I have a string in which I need to add a '\' in front of every '[' or ']', except if the brackets enclose an x like this: '[x]'. In the other cases, the brackets will always enclose a number.
Example:
'Foo[123].bar[x]' should become 'Foo\[123\].bar[x]'.
What is the best way to achieve this?
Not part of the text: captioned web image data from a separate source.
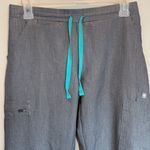 FIGS  Yola Skinny Technical Collection Scrub Pants in Graphite Gray Size Medium Photo 3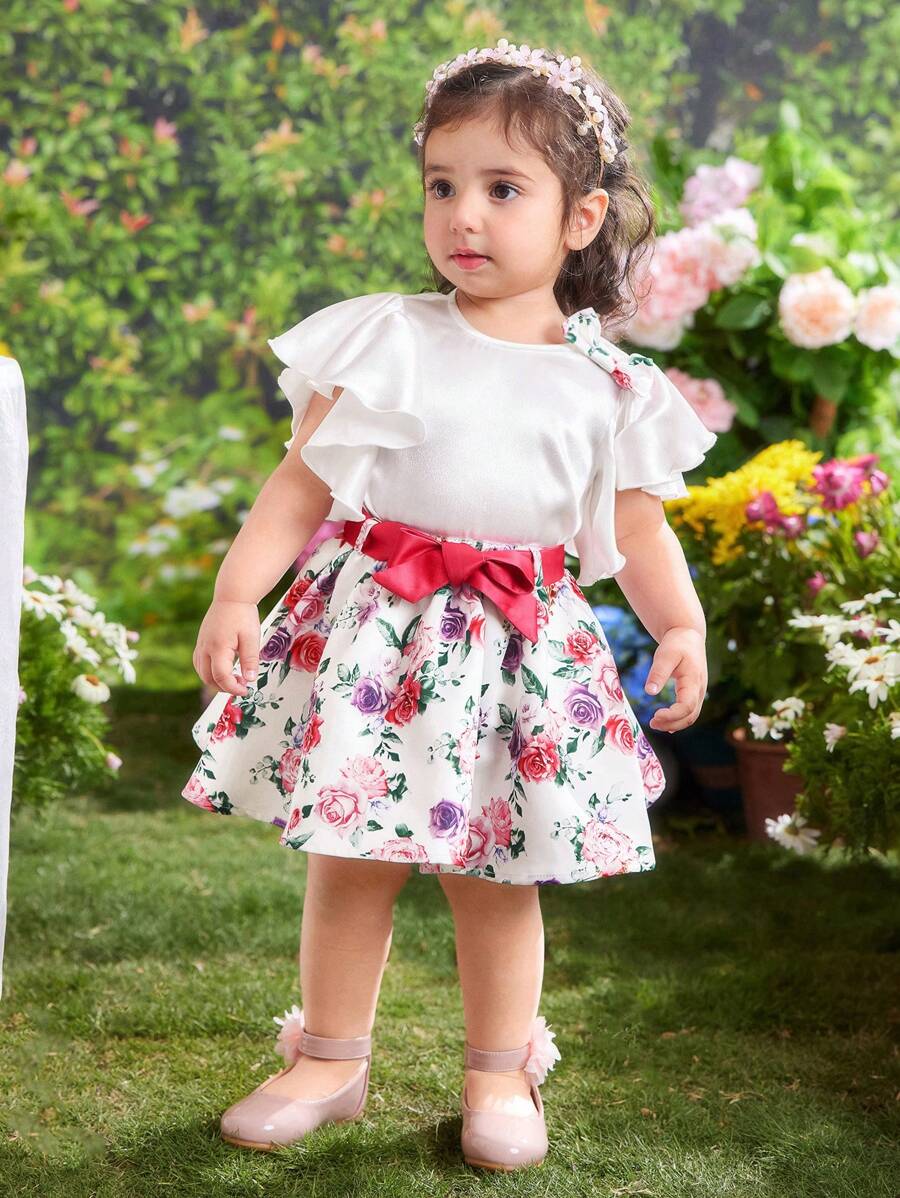 SHEIN Babygirl 夏季可爱缎面花卉印花上衣和迷你裙套装 - 白色 - 查看 1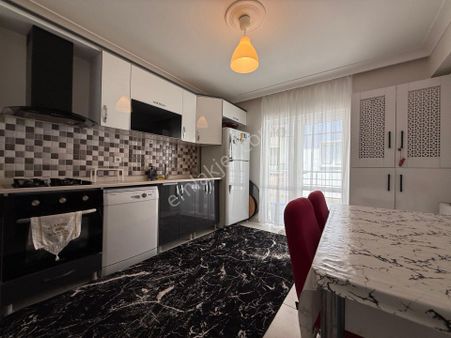 (1110) Keçiören Bağlum Caddede 3+1 Orta Kat Asansörlü Fırsat Dairesi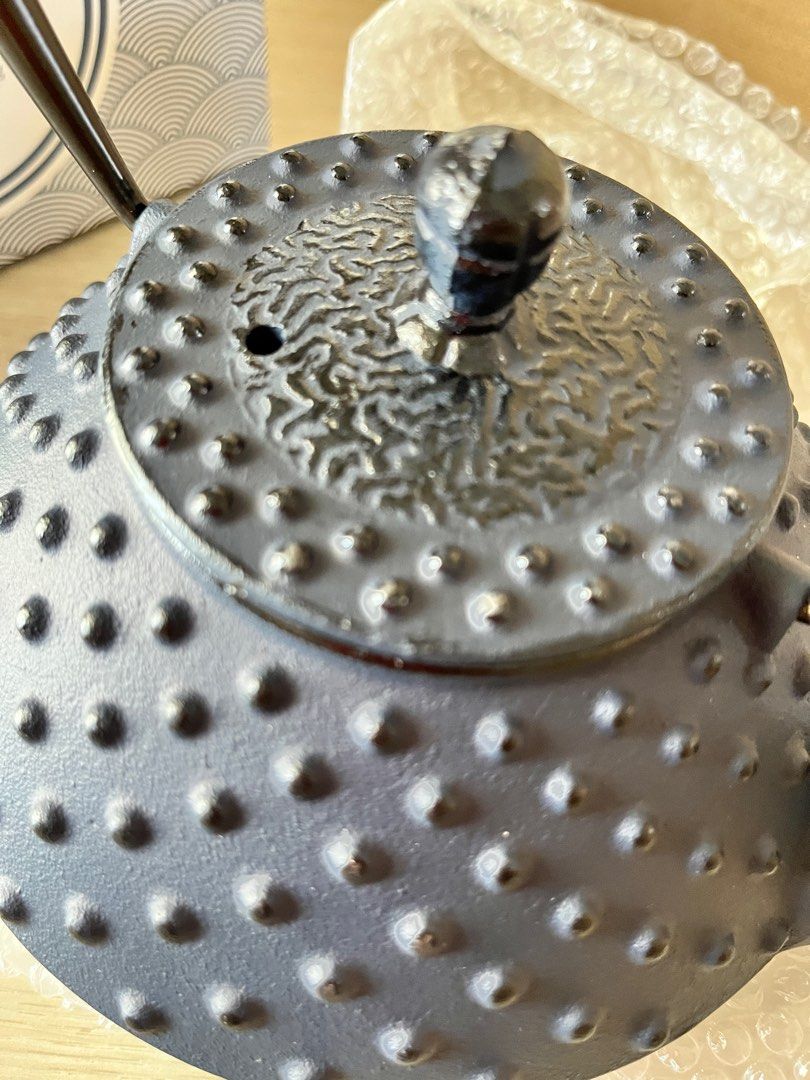 Crofton Cast Iron Teapot 850ml on Carousell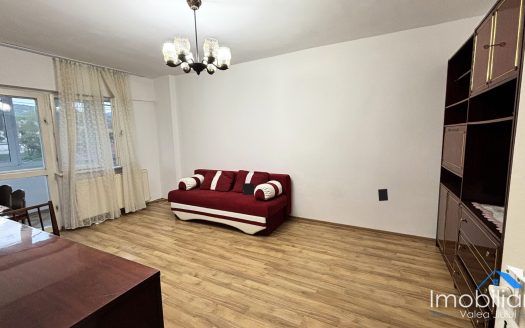 Apartament 2 camere – Petrosani | Etaj 4/10 | Str. 1 Decembrie 1918, Vizavi de HP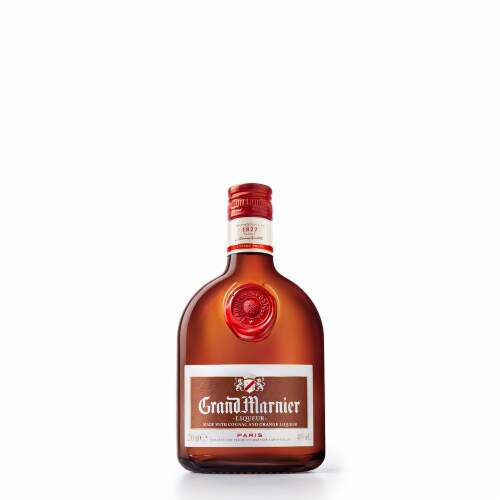Grand Marnier Orange & Cognac Liqueur Perspective: front
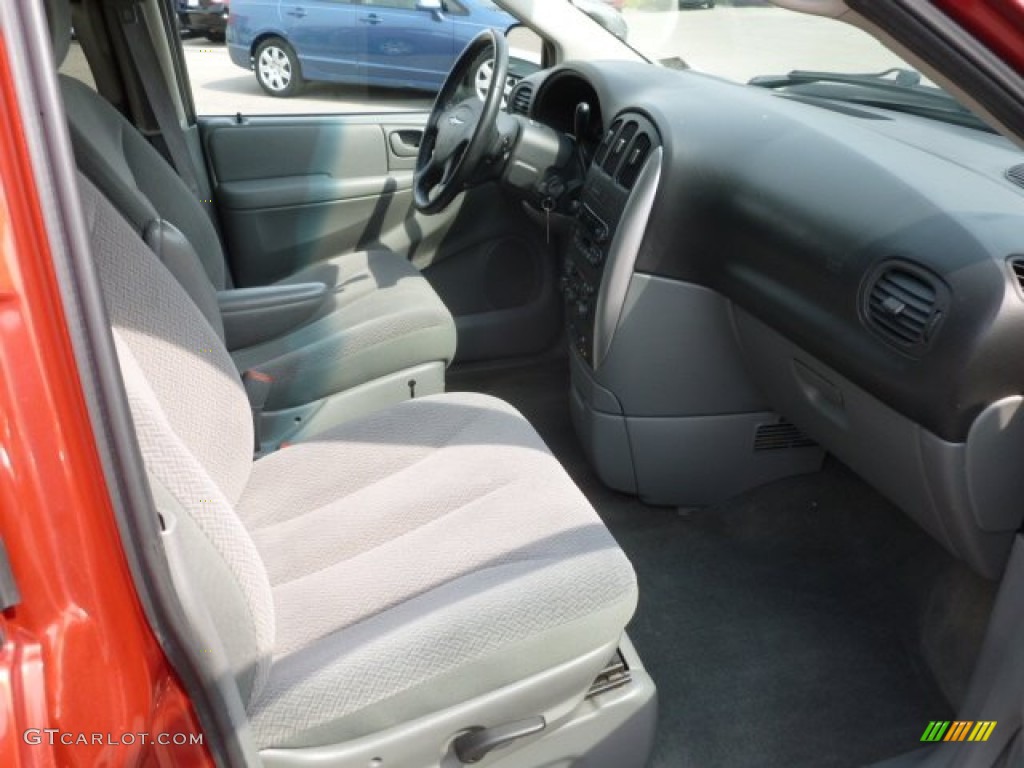 2007 Town & Country Touring - Inferno Red Crystal Pearl / Medium Slate Gray photo #10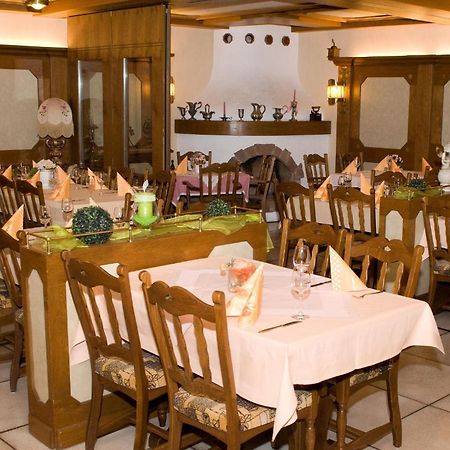 Kinheim Hotel Pohl מראה חיצוני תמונה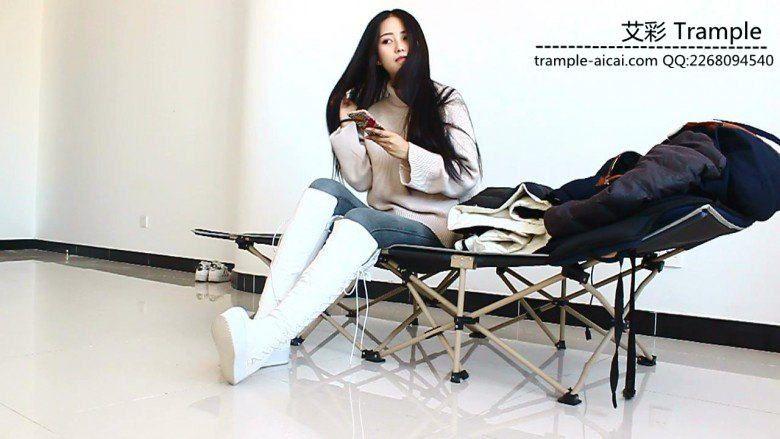 天依女主白靴子棉袜的人体脚踏！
Thanks a lot on beforehand.
Something like this ought to work:
>>> import re
>>>
>>> re.sub(r'\[(\d+)\]', r'\[\1\]', 'Foo[123].bar[x]')
'Foo\\[123\\].bar[x]'
You can do it without reaching for regexs like this:
s.replace('[', '\[').replace(']', '\]').replace('\[x\]', '[x]')
'Foo[123].bar[x]zzzzz'*100000, 2M characters long, I find that re.sub takes 250 ms (even making sure the pattern is compiled) whereas the replace only takes 36 ms.
A different approach, just put a slash before [] only if they aren't followed by x] or preceded by [x .
result = re.sub(r"(\[(?!x\])|(?<!\[x)\])", r"\\\1", subject)
Explanation:
# (\[(?!x\])|(?<!\[x)\])
#
# Match the regular expression below and capture its match into backreference number 1 «(\[(?!x\])|(?<!\[x)\])»
# Match either the regular expression below (attempting the next alternative only if this one fails) «\[(?!x\])»
# Match the character “[” literally «\[»
# Assert that it is impossible to match the regex below starting at this position (negative lookahead) «(?!x\])»
# Match the character “x” literally «x»
# Match the character “]” literally «\]»
# Or match regular expression number 2 below (the entire group fails if this one fails to match) «(?<!\[x)\]»
# Assert that it is impossible to match the regex below with the match ending at this position (negative lookbehind) «(?<!\[x)»
# Match the character “[” literally «\[»
# Match the character “x” literally «x»
# Match the character “]” literally «\]»